NOT FOR PUBLICATION WITHOUT THE
APPROVAL OF THE APPELLATE DIVISION
This opinion shall not "constitute precedent or be binding upon any court ." Although it is posted on the
internet, this opinion is binding only on the parties in the case and its use in other cases is limited. R. 1:36-3.
SUPERIOR COURT OF NEW JERSEY
APPELLATE DIVISION
DOCKET NO. A-5870-17T4
STATE OF NEW JERSEY,
Plaintiff-Respondent,
v.
CARLOS B. GONZALEZ,
Defendant-Appellant.
_________________________
Submitted December 11, 2019 – Decided February 7, 2020
Before Judges Koblitz and Gooden Brown.
On appeal from the Superior Court of New Jersey,
Law Division, Ocean County, Indictment Nos.
11-08-1353 and 12-02-0307.
Joseph E. Krakora, Public Defender, attorney for
appellant (Monique D. Moyse, Designated Counsel,
on the brief).
Bradley D. Billhimer, Ocean County Prosecutor,
attorney for respondent (Samuel J. Marzarella, Chief
Appellate Attorney, of counsel; Roberta DiBiase,
Supervising Assistant Prosecutor, on the brief).
PER CURIAM
Defendant Carlos Gonzalez appeals from the July 16, 2018 Law Division
order denying his petition for post-conviction relief (PCR) without an
evidentiary hearing. We affirm.
We glean these facts from the record. In 2011, defendant and three co-
defendants were charged in a four-count indictment with murder, N.J.S.A.

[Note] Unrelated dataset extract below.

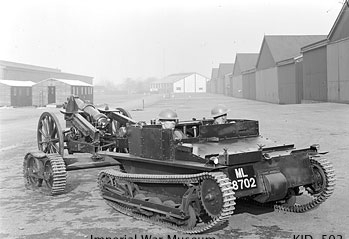 Carden-Loyd Mk VI Mortar Carrier with trailer and 3.7 inch QF Howitzer Mk I, circa 1929, photo 1 of 2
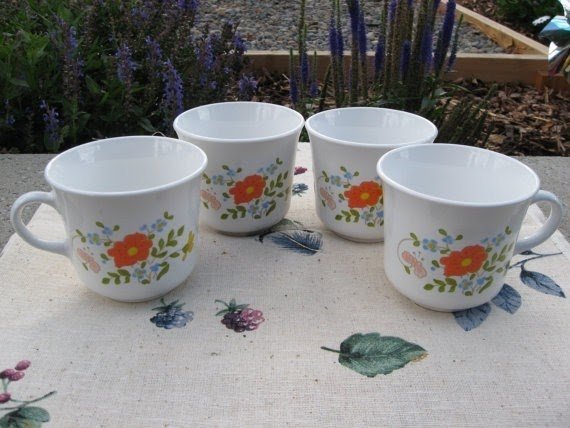 Vintage Corelle Coffee Or Tea Cups, Set of 4 Mugs in Meadow Pattern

2C:11-3 and 2C:2-6; first-degree conspiracy to commit murder, N.J.S.A. 2C:5-
2 and 2C:11-3; first-degree attempted murder, N.J.S.A. 2C:5-1 and 2C:11-3; and
second-degree possession of a weapon for an unlawful purpose, N.J.S.A. 2C:39-
4(a) (the murder indictment). In 2012, defendant and one co-defendant were
charged in a one-count indictment with third-degree aggravated assault, N.J.S.A.
2C:12-1(b)(5)(h) (the aggravated assault indictment). The murder indictment
stemmed from the 2010 shooting of two victims, one fatally, in connection with
gang-related activities. The aggravated assault indictment stemmed from
defendant punching a corrections officer in the county jail where he was
incarcerated pending trial on the murder indictment.
Represented by private counsel, on November 13, 2013, defendant entered
a negotiated guilty plea to an amended charge of first-degree aggravated
manslaughter, N.J.S.A. 2C:11-4(a)(1), and aggravated assault of the corrections
officer. Under the terms of the plea agreement, the State agreed it would not
A-5870-17T4
2
seek a sentence in excess of twenty-five years, subject to an eighty-five percent
period of parole ineligibility pursuant to the No Early Release Act (NERA),
N.J.S.A. 2C:43-7.2, on the aggravated manslaughter charge, to run concurrent
with the aggravated assault. The State also agreed to move for the dismissal of
the remaining counts of the murder indictment as well as an unrelated 2010
indictment. At the February 26, 2014 sentencing hearing, without objection, an
attorney from plea counsel's firm represented defendant. The judge sentenced
defendant to an aggregate twenty-two-year term of imprisonment, subject to
NERA, in accordance with the plea agreement.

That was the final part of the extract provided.